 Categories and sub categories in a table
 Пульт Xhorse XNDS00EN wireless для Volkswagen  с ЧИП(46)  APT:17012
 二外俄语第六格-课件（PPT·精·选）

**TASK DETAILS**
Find the line with "Пульт Xhorse XNDS00EN" in the listing above, then write out that line and each remaining line exactly, with no other text.

**ANSWER FOR THIS EXERCISE**
 Пульт Xhorse XNDS00EN wireless для Volkswagen  с ЧИП(46)  APT:17012
 二外俄语第六格-课件（PPT·精·选）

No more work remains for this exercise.